### TASK
Retype nothing except the lines below from the one with "Artist: Walsh, Peter." through the one with "Mochila Impresa Patrón", exactly, with images left out.

### GIVEN RECORDS
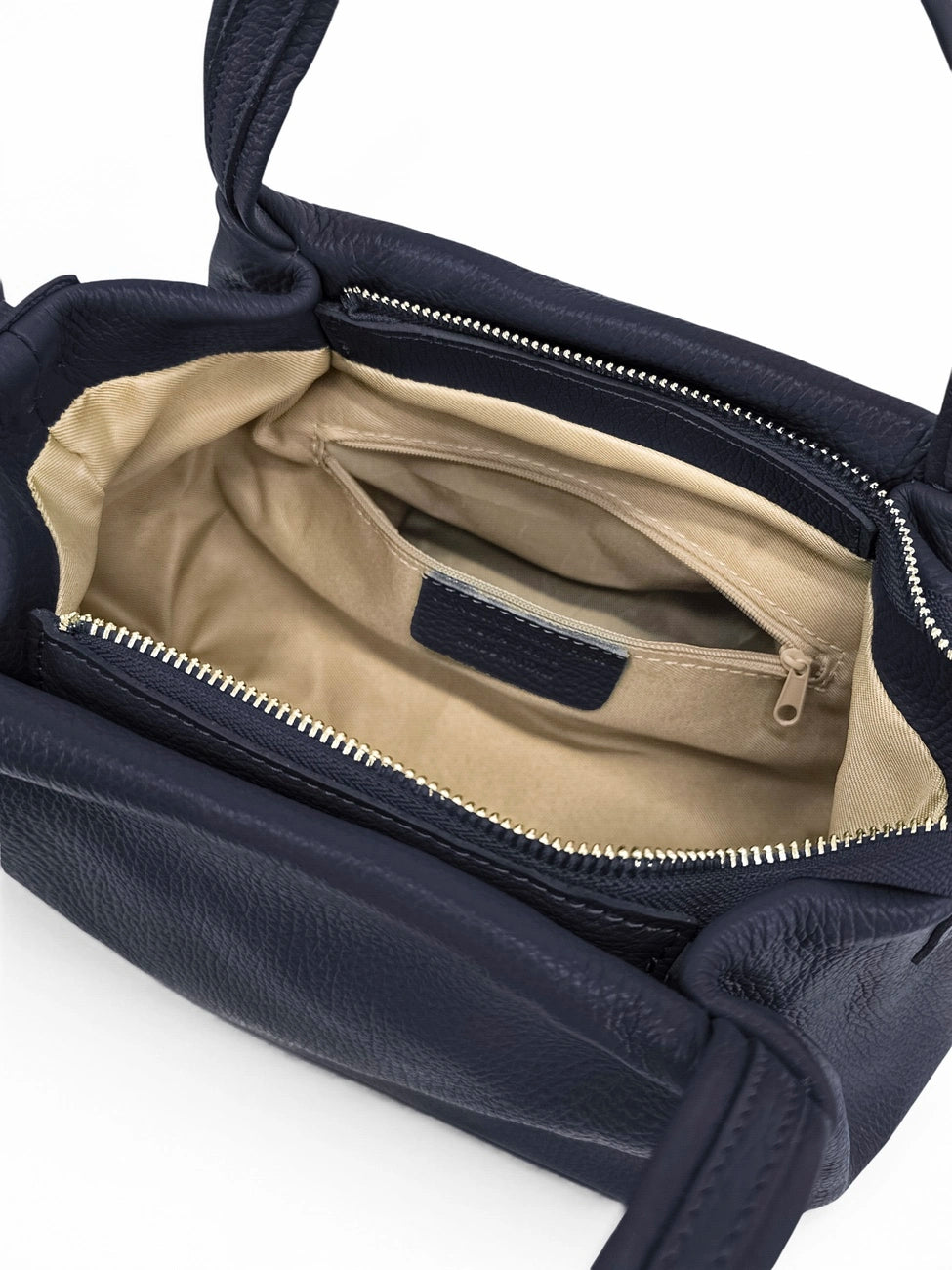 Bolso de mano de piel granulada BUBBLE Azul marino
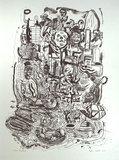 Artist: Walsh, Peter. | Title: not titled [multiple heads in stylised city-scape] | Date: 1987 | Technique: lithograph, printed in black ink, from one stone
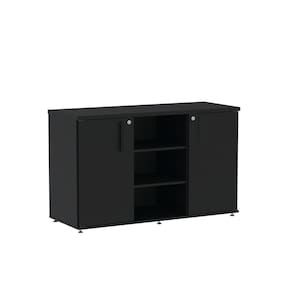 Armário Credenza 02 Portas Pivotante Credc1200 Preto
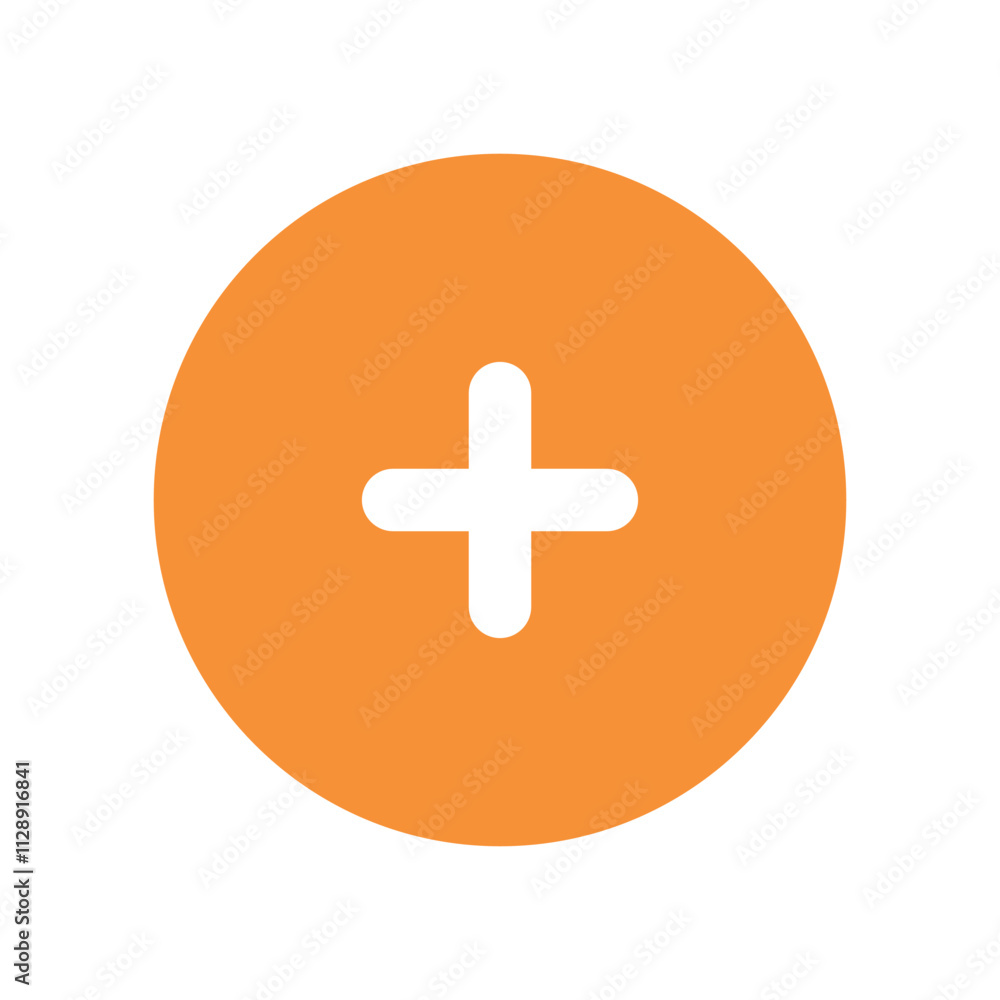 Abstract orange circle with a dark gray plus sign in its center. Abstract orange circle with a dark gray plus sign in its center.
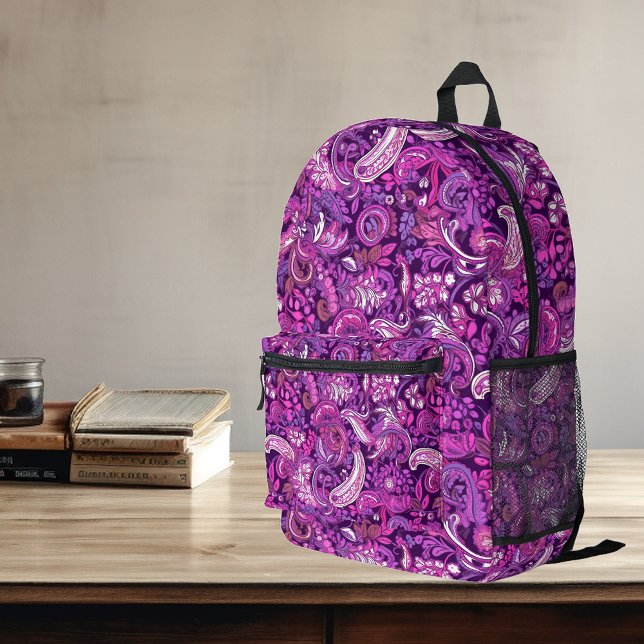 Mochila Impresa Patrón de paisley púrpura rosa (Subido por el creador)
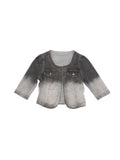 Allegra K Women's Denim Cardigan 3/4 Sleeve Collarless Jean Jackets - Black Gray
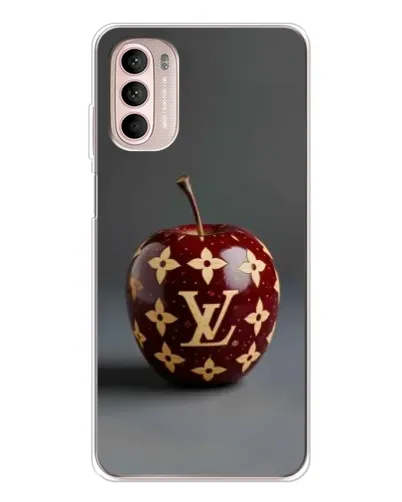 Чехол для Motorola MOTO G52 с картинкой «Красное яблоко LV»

### RESULT BELOW
 Artist: Walsh, Peter. | Title: not titled [multiple heads in stylised city-scape] | Date: 1987 | Technique: lithograph, printed in black ink, from one stone
 Armário Credenza 02 Portas Pivotante Credc1200 Preto
 Abstract orange circle with a dark gray plus sign in its center. Abstract orange circle with a dark gray plus sign in its center.
 Mochila Impresa Patrón de paisley púrpura rosa (Subido por el creador)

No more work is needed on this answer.